A Hadoop toolkit for web-scale information retrieval research
This tutorial provides a guide to batch retrieval with Ivory on the venerable TREC disks 4 and 5 document collection, which is distributed by NIST and used in many Text Retrieval Conferences (TRECs). Although the collection is over a decade old, it is still used as a starting point for information retrieval research. This guide will cover both indexing the collection and performing retrieval runs with queries from the TREC 2004 robust track.
The first task is to obtain the collection (from NIST). We're assuming you have it in hand already. A standard "view" of the disks is to ignore the Congressional Record (CR) and Federal Register (FR), so the collection is often written shorthand as TREC 45 (-CR,FR) or something similar. There are a total of 472,525 documents in the collection as described above, distributed in a number of files; see complete list of all files. Since Hadoop doesn't work well will lots of small files, the first step is to prepare the collection by concatenating all the documents into a large file. This is most easily done with a Perl or Python script. See this simple Perl script, but it should be very easy to write your own.
Assuming you've completed the getting started tutorial, building the TREC 45 index is pretty straightforward. In fact, the collection is small enough that building an index in Hadoop local mode takes only a short while:
etc/hadoop-local.sh ivory.app.PreprocessTrec45 \ -collection /shared/collections/trec/trec4-5_noCRFR.xml -index index-trec etc/hadoop-local.sh ivory.app.BuildIndex \ -index index-trec -indexPartitions 1 -positionalIndexIP
On a 2012 15" Retina Display MacBook Pro (2.7 GHz Intel Core i7), it takes about 25 minutes for the preprocessing and 10 minutes for the actual inverted indexing.
Alternatively, you can build the index on a real Hadoop cluster:
etc/hadoop-cluster.sh ivory.app.PreprocessTrec45 \ -collection /shared/collections/trec/trec4-5_noCRFR.xml -index index-trec etc/hadoop-cluster.sh ivory.app.BuildIndex \ -index index-trec -indexPartitions 1 -positionalIndexIP
After building the index, you should be able to run the retrieval experiments described below and replicate our results.

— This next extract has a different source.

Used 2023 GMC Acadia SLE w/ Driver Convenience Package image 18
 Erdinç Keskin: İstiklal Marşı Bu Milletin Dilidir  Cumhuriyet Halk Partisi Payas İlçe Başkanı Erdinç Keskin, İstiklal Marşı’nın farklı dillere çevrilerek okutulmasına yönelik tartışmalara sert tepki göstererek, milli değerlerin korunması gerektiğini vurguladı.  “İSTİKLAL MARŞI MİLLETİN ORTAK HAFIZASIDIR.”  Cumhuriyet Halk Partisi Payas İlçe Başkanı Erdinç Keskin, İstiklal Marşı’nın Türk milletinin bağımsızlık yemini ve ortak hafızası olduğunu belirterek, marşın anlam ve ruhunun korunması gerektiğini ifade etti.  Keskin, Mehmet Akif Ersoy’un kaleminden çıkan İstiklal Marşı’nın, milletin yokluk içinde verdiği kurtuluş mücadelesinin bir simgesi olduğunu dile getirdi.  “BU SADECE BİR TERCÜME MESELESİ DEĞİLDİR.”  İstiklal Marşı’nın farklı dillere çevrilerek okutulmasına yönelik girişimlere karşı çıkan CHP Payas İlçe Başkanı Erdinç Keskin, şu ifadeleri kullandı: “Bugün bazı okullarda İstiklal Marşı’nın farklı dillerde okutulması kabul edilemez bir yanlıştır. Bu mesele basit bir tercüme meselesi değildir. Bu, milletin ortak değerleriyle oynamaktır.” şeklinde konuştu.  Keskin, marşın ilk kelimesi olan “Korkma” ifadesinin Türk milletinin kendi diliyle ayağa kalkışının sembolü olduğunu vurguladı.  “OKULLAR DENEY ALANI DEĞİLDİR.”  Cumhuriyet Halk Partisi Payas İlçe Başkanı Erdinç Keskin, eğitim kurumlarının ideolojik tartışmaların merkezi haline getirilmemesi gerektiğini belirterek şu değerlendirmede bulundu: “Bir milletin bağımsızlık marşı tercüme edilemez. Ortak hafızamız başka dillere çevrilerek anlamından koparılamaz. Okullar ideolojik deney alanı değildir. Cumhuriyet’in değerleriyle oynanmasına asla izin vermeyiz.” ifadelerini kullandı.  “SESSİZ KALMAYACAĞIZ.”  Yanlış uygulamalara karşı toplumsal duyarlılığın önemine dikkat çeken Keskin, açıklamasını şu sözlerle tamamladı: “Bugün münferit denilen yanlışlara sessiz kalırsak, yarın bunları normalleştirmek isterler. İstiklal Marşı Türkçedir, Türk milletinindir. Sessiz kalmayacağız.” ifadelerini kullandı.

To demonstrate batch retrieval, we're going to use topics from the
TREC 2004 robust track. In the data/trec/
directory, you'll find the following data:
data/trec/run.robust04.basic.xml
:
retrieval models and parametersdata/trec/queries.robust04.xml
:
queries (TREC 2004 robust track)The first configuration file specifies six different models:
Info | Before running
the following experiments, make sure you've built
the trec_eval evaluation package
from NIST. For your
convenience, v9.0 is included
in etc/trec_eval.9.0.tar.gz . Build the package
by make and place the executable at etc/trec_eval . |
Info | Before running the following
experiments, you have to copy the indexes out of HDFS (if you built
the indexes using distributed Hadoop and not Hadoop local). Also make
sure to change the index location in the
run.xml files to the actual index path (under the
<index> attribute). |
Here are the command-line invocations for running and evaluating the models:
# command-line etc/run.sh ivory.smrf.retrieval.RunQueryLocal data/trec/run.robust04.basic.xml data/trec/queries.robust04.xml # evaluating effectiveness etc/trec_eval data/trec/qrels.robust04.noCRFR.txt ranking.robust04-dir-base.txt etc/trec_eval data/trec/qrels.robust04.noCRFR.txt ranking.robust04-dir-sd.txt etc/trec_eval data/trec/qrels.robust04.noCRFR.txt ranking.robust04-dir-fd.txt etc/trec_eval data/trec/qrels.robust04.noCRFR.txt ranking.robust04-bm25-base.txt etc/trec_eval data/trec/qrels.robust04.noCRFR.txt ranking.robust04-bm25-sd.txt etc/trec_eval data/trec/qrels.robust04.noCRFR.txt ranking.robust04-bm25-fd.txt # junit etc/junit.sh ivory.regression.basic.Robust04_Basic
description | tag | MAP | P10 |
Dirichlet, full independence | robust04-dir-base | 0.3063 | 0.4424 |
Dirichlet, sequential dependence | robust04-dir-sd | 0.3194 | 0.4485 |
Dirichlet, full dependence | robust04-dir-fd | 0.3253 | 0.4576 |
bm25, full independence | robust04-bm25-base | 0.3033 | 0.4283 |
bm25, sequential dependence | robust04-bm25-sd | 0.3212 | 0.4505 |
bm25, full dependence | robust04-bm25-fd | 0.3212 | 0.4545 |
WSD refers to Bendersky et al.'s Weighted Sequential Dependence model (WSDM 2010).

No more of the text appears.